To be blunt, this is a huge challenge for Microsoft, who successfully built its consumer Xbox membership, but as Williams warned, the LinkedIn community is a different and more sensitive group.

Implications to competitors

For Williams, person-based data represents a premium, with each of the large software vendors racing to build out effective data-economies.

Consequently, CRM vendors such as Salesforce, SAP, Oracle and IBM are partnering with Facebook to gain access to its consumer-level personal profile data, whole Adobe is building an open data consortium that opts-in consumers across a collective of brands.

Furthermore, Salesforce previously made multiple acquisitions to build out its enterprise data portfolio, adding Jigsaw for corporate profile data, Dimdim for conferencing and Manymoon for content development.

Delving deeper, Google built its Google+ circles, but has failed to attract millions of subscribers, with IBM acquiring The Weather Company.

“Accessing personal data is different than accessing machine data in that people need to offer, participate and maintain the data,” Williams explained.

Williams said firms such as Slack - a cloud-based collaboration tool - are winning enterprise share since the network effect is easier to apply within the bounds of a business than across the global population.

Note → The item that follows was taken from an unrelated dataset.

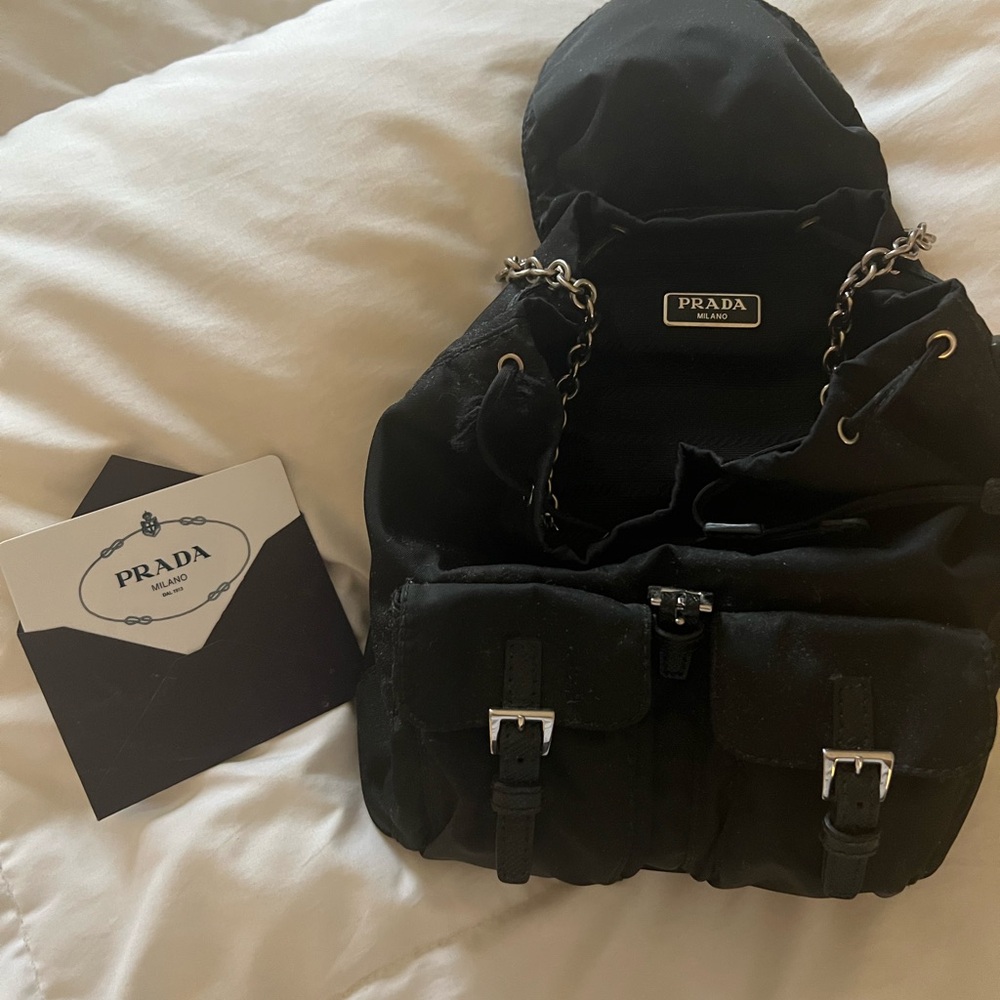 PRADA RE-NYLON MINI BACKPACK - Picture 8 of 13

As explained by Williams, building and maintaining a professional membership site requires securing personal information as well as needing to add business value.

“The skills are specialised and valuable - hence the premium paid for LinkedIn,” he added. “It is a never-ending task Microsoft will own.

“Once the acquisition closes, Microsoft will have 433 million new relationships to manage - and if it can pull off this trick - it will have stolen a march on all of its competitors except Facebook.”

Implications to partners

Previously, LinkedIn has either gone directly to subscribers or sold directly through its internal sales team which stands tall as a big change for Microsoft, who primarily works through partners.

While LinkedIn will operate as its own unit, Williams expects that multiple new pathways will open up for monetisation.

“Two direct pathways are, firstly, gaining access to LinkedIn data while not being a member, is a possibility - at the risk of angering members; and secondly, selling access to members for new productivity, sales and educational applications is a clear pathway,” he said.

Going forward, William believes partners, especially systems integration partners, will want to access the LinkedIn API in order to pull information into Dynamics and other applications.

“Microsoft should be wary about the use of member information,” he cautioned. “LinkedIn has been careful, but at the cost of becoming closed off from the application of the data.

“Developers, from analytics to machine learning to Cortana, will want to access the LinkedIn API. Adding new, person-based insights to existing applications is a strong incentive.”

Implications to customers

When the deal closes within the calendar year, Williams believes maintaining the trust and participation of the LinkedIn members is the greatest risk and potential reward for Microsoft in this acquisition.

“Microsoft will own the platform on which thousands of communities and relationships are formed and grown,” he explained. “Limiting or validating how personal data is used will be the key.”

For Williams, all uses of the data must, in the end, be useful to the members who volunteer and maintain their profiles and engagement.

“So long as Microsoft abides by the spirit of LinkedIn as a personal professional social network, it can use that data to add value to other offers,” he added.